Wednesday 1:45pm Weeks Geo: AB20
Oral Presentation

Authors

Jason Jones, North Carolina State University
David McConnell, North Carolina State University
Metacognition is one's ability to recognize the workings and characteristics of their own knowledge and thought processes. In conjunction with the sensory, short-term, and long-term memories, a student's metacognitive awareness will dictate how they will interact with and internalize the course content they are being taught. It provides students with the ability to isolate important information, identify gaps in their knowledge, and can inform their decisions on what to study, when to study, and how to study in order to fill identified deficiencies.

Educational psychology research on metacognition identifies monitoring - the ability to accurately monitor the level of one's own knowledge and to accurately compare this approximation to how they will perform during an assessment of that knowledge - as an important and predictive metacognitive skill. This monitoring activity is usually reported by the learner in the form of their confidence in knowing a particular item of course information. The calculated value that represents the gap between a student's confidence and their measured performance on an assessment is referred to as a student's calibration.

Research shows that high-performing students generally exhibit high confidence and low calibration values (e.g. they are accurate in predicting their knowledge), while low-performing students are generally less accurate in their monitoring abilities.

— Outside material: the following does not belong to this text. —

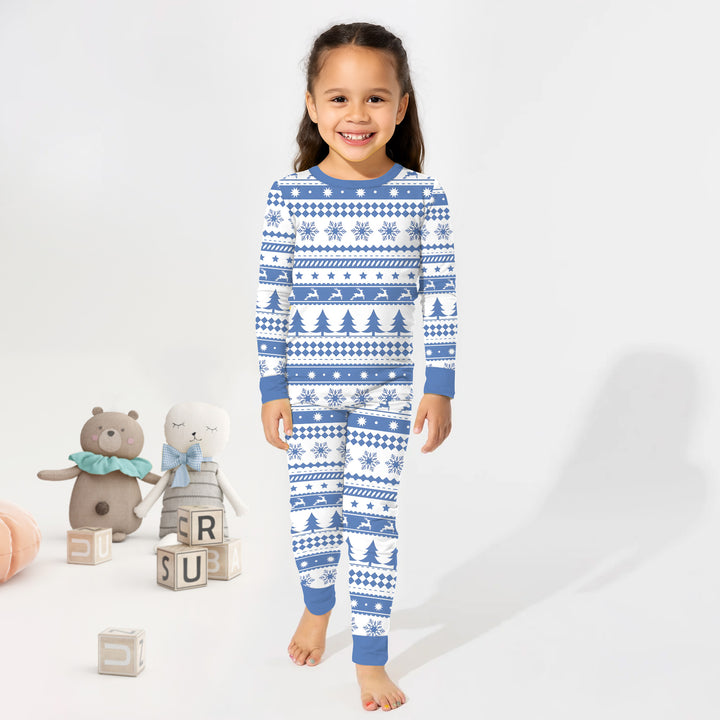 Blue Fair Isle Two Piece Long Sleeve Pajama Set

Research suggests that metacognition can be improved via sustained and explicit intervention, and that improvements in metacognitive skills such as calibration can compensate for low ability and insufficient knowledge in a discipline.

For the earth educator, the systematic monitoring of students' metacognitive awareness via calibration values can provide an opportunity to discover areas of content knowledge that require more instructional attention, isolate students who are potentially harboring misconceptions regarding course materials, or identify the state of a number of other potential variables that affect the process of learning in the geosciences.